RE-VISITING THE REDOX-SENSITIVE TRACE METAL RECORD OF THE NEOPROTEROZOIC OXYGENATION EVENT (Invited Presentation)
Analyses accounting for spatial-temporal sampling density re-capitulate the rise in Mo (in euxinic shale) and U (in anoxic shale) through the Ediacaran-Cambrian seen in previous publications. However, the new analyses show either constant levels (Mo) or lower levels (U) in the Ordovician-early Devonian, followed by a second rise to even higher levels in the mid-Devonian. When normalized to TOC, the Ediacaran-Cambrian RSM increase disappears: metal/TOC ratios show no long-term trend until the middle and late Paleozoic. Machine learning analyses that simultaneously account for TOC, detrital input, ‘degree of pyritization,’ basin type, latitude/longitude, lithology, site type, depositional environment and metamorphic grade confirm these results.

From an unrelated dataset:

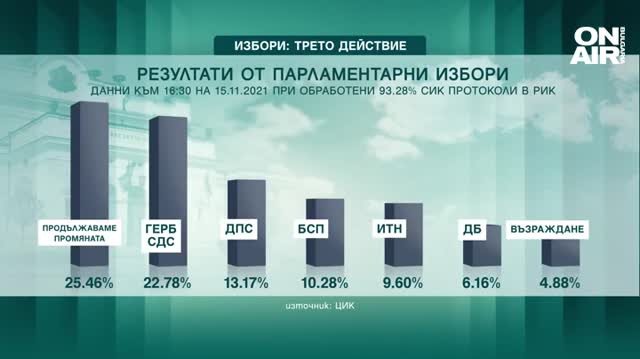 Радев, който се кандидатира за втори мандат, води с 49,39%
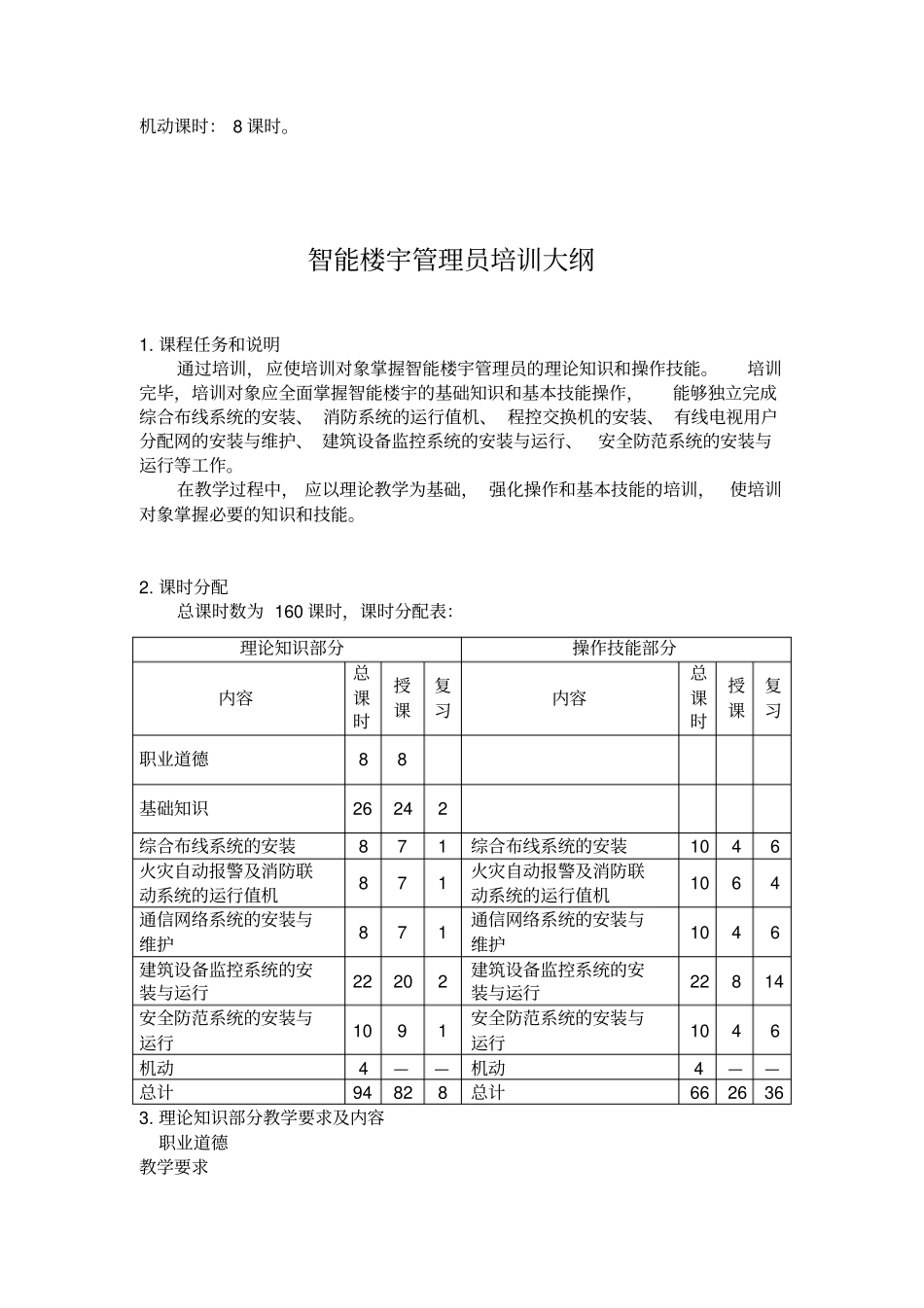 智能楼宇管理员培训计划和大纲_第2页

Overall, our increased data density and ability to account for sampling/geological biases suggest that the visually dramatic increase between the Proterozoic and Phanerozoic in plots of raw trace metal data was due to 1) over-emphasis of outlier points, and 2) the large increase in TOC contents of sampled Phanerozoic shale compared to the Neoproterozoic. The analyses do not rule out some degree of oxygenation in the Ediacaran-Cambrian, or re-organization of the seafloor redox landscape. However, to the extent that metal/TOC ratios are a proxy for the area of reducing seafloor, the major long-term inflection point is not Neoproterozoic but rather Devonian.